Bei einer 7-Tage-Reise besuchen wir meist fünf Häfen. Wir fahren in der Nacht und liegen untertags vor Anker.
Eine Stunde vor Anlege-Manöverbeginn stehe ich auf, dreißig Minuten später erscheine ich auf der Brücke. Nach Lageaustausch und Manöverbriefing folgt das Manöver selbst. Hinterher Nachbesprechung, Frühstück und Büroarbeit. Ich hole Infos von meinen direkten Ansprechpartnern ein, dem Staff Captain, dem Chief Engineer und dem General Manager. Danach inspiziere ich verschiedene Abteilungen, erledige Büroarbeit.
Nach dem Mittagessen folgt die Manöverbesprechung fürs Auslaufen, dann das Manöver. Abends mache ich oft einen Rundgang durch die Outlets, um Belegung und Stimmung zu prüfen.
Kennen Sie jeden Winkel Ihres Schiffes?
Vielleicht nicht jeden Millimeter, aber ich kann mich überall orientieren.
Der Verkehr- bzw. Transportsektor gilt als einer der größten CO2-Verursacher weltweit. Dazu zählen Straßen- und Flugverkehr, aber auch die Schifffahrt. Wie kann die Schifffahrt in Zukunft noch grüner werden?
Viele vergessen, dass über 90 % des internationalen Warenverkehrs über See läuft. Pro Tonne und Kilometer entstehen bei der Seefracht also schon jetzt deutlich weniger Emissionen als beim Landverkehr. In puncto Nachhaltigkeit kann aber noch einiges gemacht werden.
Zum Beispiel?
Mit Flüssigerdgas-Antrieben hat AIDA Cruises eine nachhaltigere Brückentechnologie eingeführt, obwohl man dabei in der Branche anfangs oft auf Widerstand stieß.
Durch Big-Data-Analyse der etwa 40.000 unterschiedlichen Messpunkte unseres Schiffes optimieren wir laufend die Treibstoffeffizienz. Wir testen Batterie-Pack-Systeme mit zehn Megawattstunden und erforschen Biokraftstoffe. So kann das auf der Aida Prima installierte Batteriepacksystem beispielsweise während eines Manövers genutzt werden, um Emissionen zu reduzieren.

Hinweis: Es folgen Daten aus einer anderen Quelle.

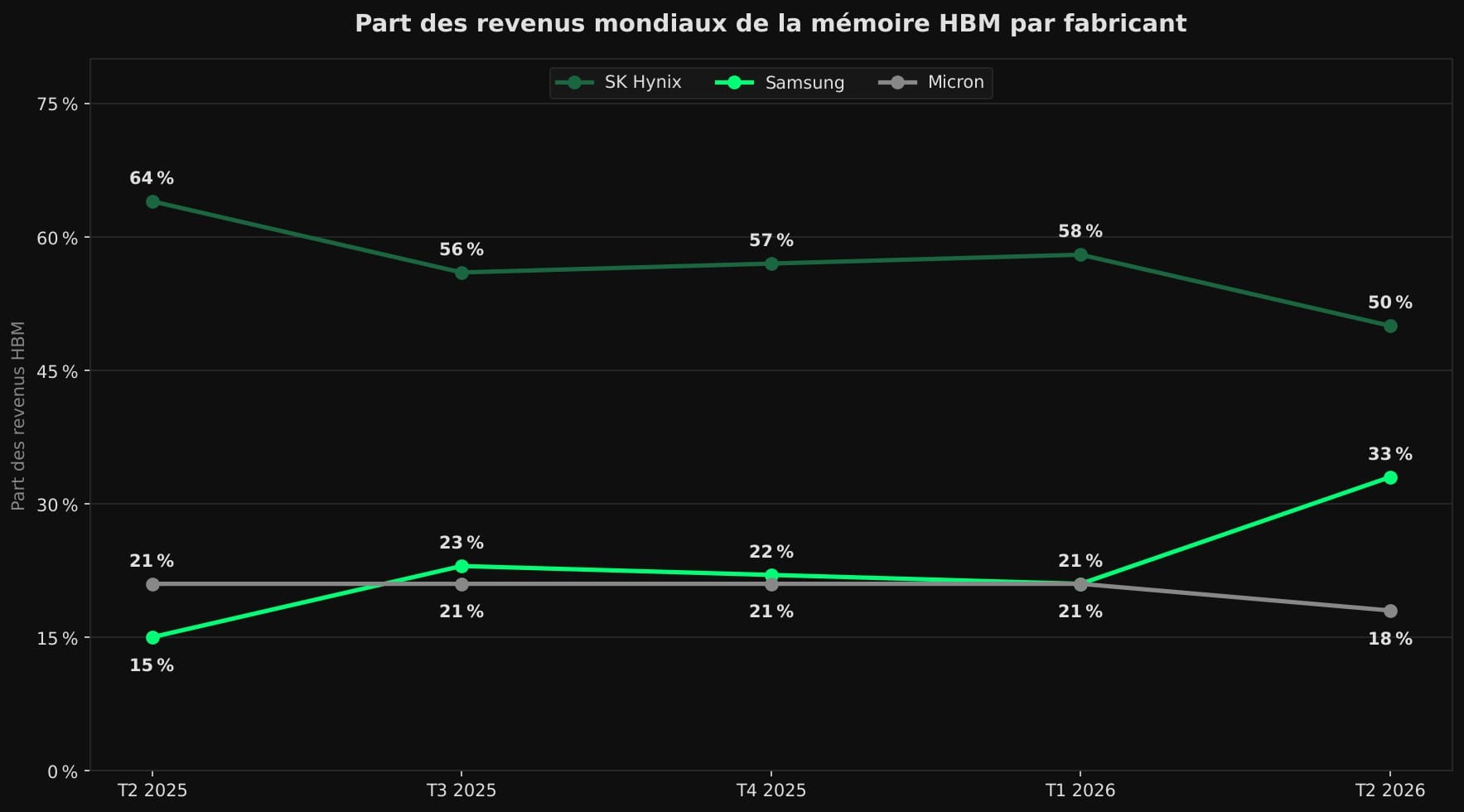 Courbes des parts de revenus HBM de SK Hynix, Samsung et Micron du deuxième trimestre 2025 au deuxième trimestre 2026 : SK Hynix passe de 64 % à 50 %, Samsung de 15 % à 33 %, Micron de 21 % à 18 %.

Langfristig könnten Technologien wie die Brennstoffzelle interessant werden. Die Branche ist aber davon abhängig, wie die technische Entwicklung voranschreitet. Bis 2050 soll die Flotte Netto-Null-Emissionen haben.
Außerdem optimieren wir die Vorgänge an Bord, etwa die Versorgungslogistik, und reduzieren Müll durch das Einsparen von Verpackungen.
Apropos Versorgung: Wie viele TonnenAusrüstung werden für eine Reise geladen?
Alle 14 Tage etwa 200 bis 300 Tonnen, das entspricht 10 bis 15 Lkw-Ladungen.
Das Logistik-Management ist sicherlich herausfordernd. Passagiere wollen an Land, Ausrüstung muss an Bord. In beiden Fällen handelt es sich um große Mengen… Zeitgleich befinden sich maximal 40 % der Passagiere an Land. Unsere Shore-Excursion-Abteilung plant die Ausflüge gestaffelt. Wir koordinieren dies mit der Auslastung der Restaurants an Bord. Es bedarf einer präzisen Abstimmung, damit nicht alle Gäste zur selben Zeit am selben Ort sind.
Wie gehen Sie mit der Verantwortung um?
Man muss sich der Verantwortung bewusst sein, darf sich von ihr aber nicht erdrücken lassen.
Das klingt so einfach…
Ich persönlich sehe die Verantwortung weniger als Last, sondern als Versprechen an die Gäste. Wir sorgen dafür, dass sie den Aufenthalt sicher und angenehm bei uns verbringen.
Gehen Sie im Notfall als Letzter vom Schiff?
Dies ist ein sehr unrealistisches Szenario. Aber wenn es wirklich nötig ist, werde ich das tun.